La coalizione di gruppi ambientalisti non si è fatta scoraggiare ingaggiando l’ennesima sfida legale. La sentenza di un giudice federale del Montana ha dato loro ragione, revocando il permesso di attraversamento delle acque fondamentale per il completamento dell’opera. Al corpo dell’esercito è stato così ordinato di sospendere tutte le attività di riempimento e dragaggio fino a quando non saranno condotte consultazioni formali conformi all’Endangered Species Act, la legge sulle specie in via di estinzione e minacciate.

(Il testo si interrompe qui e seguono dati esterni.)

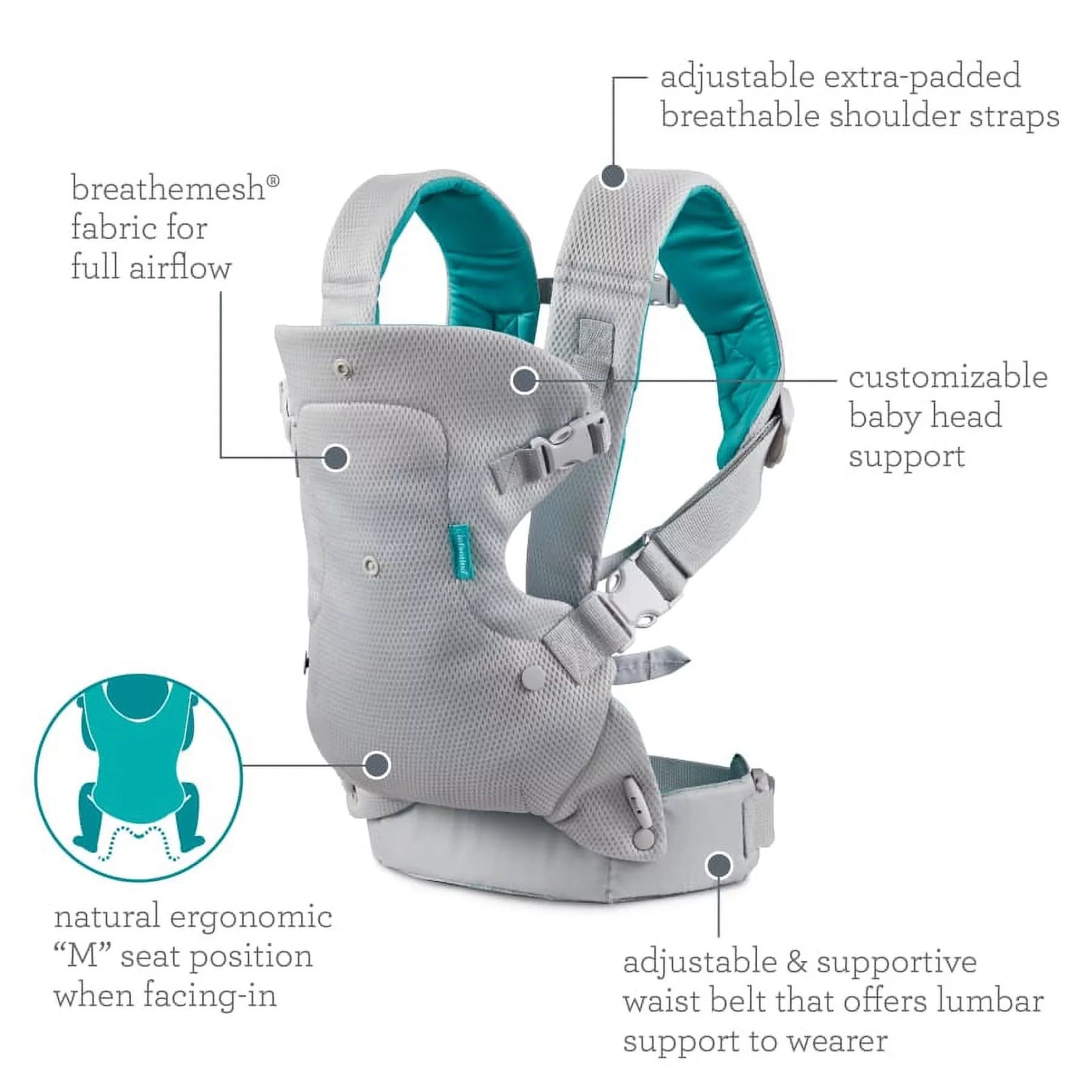 Flip 4-In-1 Convertible Light & Airy Baby Carrier, 4-Position, 8-32Lb, White 2668south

Queste consultazioni causeranno grandi ritardi a Keystone XL e Tamara Toles O ‘Lughlin del gruppo ambientalista 350.org ha spiegato che “la corte ha giustamente deliberato contro gli sforzi dell’amministrazione Trump per accelerare il completamento di questa vergognosa pipeline. Non consentiremo alle società di combustibili fossili e ai politici del ‘dietro le quinte’ di violare le leggi che proteggono le persone e il pianeta”. Anche Judith LeBlanc, direttore di Native Organizer Alliance, ha sottolineato come la revoca del permesso sia “una vittoria per i diritti umani e la democrazia. Le comunità native hanno una nuova opportunità di esercitare i nostri diritti, sia legali che intrinseci, sulla protezione delle acque nella bio-regione fluviale del Missouri, fondamentali per tutti coloro che vivono, coltivano e lavorano quella terra”. TC Energy ha affermato, in ogni caso, di rimanere impegnata “nella costruzione di questo importante progetto di infrastruttura energetica”. Ora spetta al tribunale decidere del futuro di Keystone XL.